Publié le par Frédéric

Comme nous l'évoquions dans l'article du 5 janvier 2009 (Indice de développement humain: la France "en force" ), la France a les atouts lui permettant de dépasser la crise actuelle. Un revenu par habitant élevé et le second indice de développement humain au monde sont de solides acquis.

Mais pour rebondir et pouvoir amplifier la richesse nationale, la clef est l'emploi, producteur de richesses.

C'est là ou le bât blesse. Selon le Bureau international du travail (BIT) en 2008, 54% des Français de 15 ans et plus travaillent contre par exemple 58% des Allemands et des Japonais, 62% des Britanniques, 67% des Canadiens. De plus, le taux d'activité des 15 à 24 ans est de 25% en France contre 41% au Japon et 43% en Allemagne, le taux d'activité des 55 à 64 ans est de 40% contre 48% en Allemagne et 65% au Japon (source: OCDE-2006). 

Trois axes de réforme semblent donc à privilégier pour accroître l'offre de travail et le taux d'activité: le droit du travail, le service public de l'emploi et l'Education Nationale.
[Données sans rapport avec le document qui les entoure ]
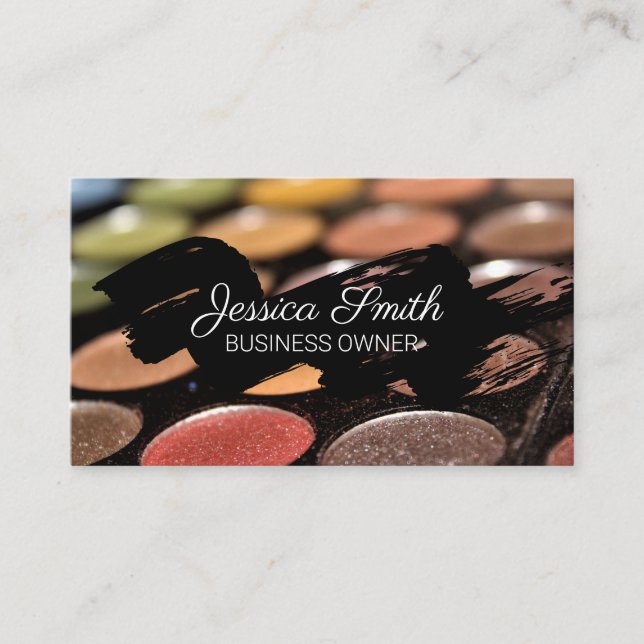 Black Brushed | Makeup Palette Business Card (Front)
Le marché du travail français est extrêmement réglementé et, pourtant, les Français sont parmi les plus angoissés des habitants de l'OCDE en ce qui concerne l'emploi. Finalement, cette réglementation excessive a abouti à favoriser ceux qui ont déjà un emploi et à multiplier les barrières pour ceux qui en recherchent. Tout ce qui peut favoriser une meilleure fluidité du marché du travail est à entreprendre, afin de faciliter le passage d'une entreprise à l'autre.

Le service public de l'emploi est en cours de reconstitution avec la création, le 19 décembre 2008, de Pôle emploi réunissant l'ex-ASSEDIC et l'ex-ANPE. A moyen terme, la mise en place d'un réel guichet unique, la formation des 45000 salariés de Pôle emploi aux métiers du placement et de l'indemnisation devrait permettre une intermédiation optimisée entre les employeurs et les demandeurs d'emploi.

L'Education Nationale enfin. Maintenir certaines filières massives (psychologie; histoire; lettres;...) d'enseignement supérieur dont les seules débouchées, pour beaucoup d'étudiants, sont la fonction publique ou le chômage, ne rend service à personne. Ces mêmes étudiants qui défilent pour défendre la liberté de choisir hanteront, amers, 10 ans plus tard, les locaux de Pôle emploi en demandant à bénéficier d'une formation professionnalisante...

Ainsi donc, accroître le taux d'emploi en menant des réformes sur ces 3 fronts permettra de stabiliser, durant la crise, puis de réduire la pauvreté et d'accroître  la richesse nationale et individuelle.  Pour cela, une volonté politique forte de mise en oeuvre de ces réformes et une prise de conscience de chaque citoyen est nécessaire, sans céder aux sirènes des revendications de réformes par les seuls moyens (budgets; effectifs).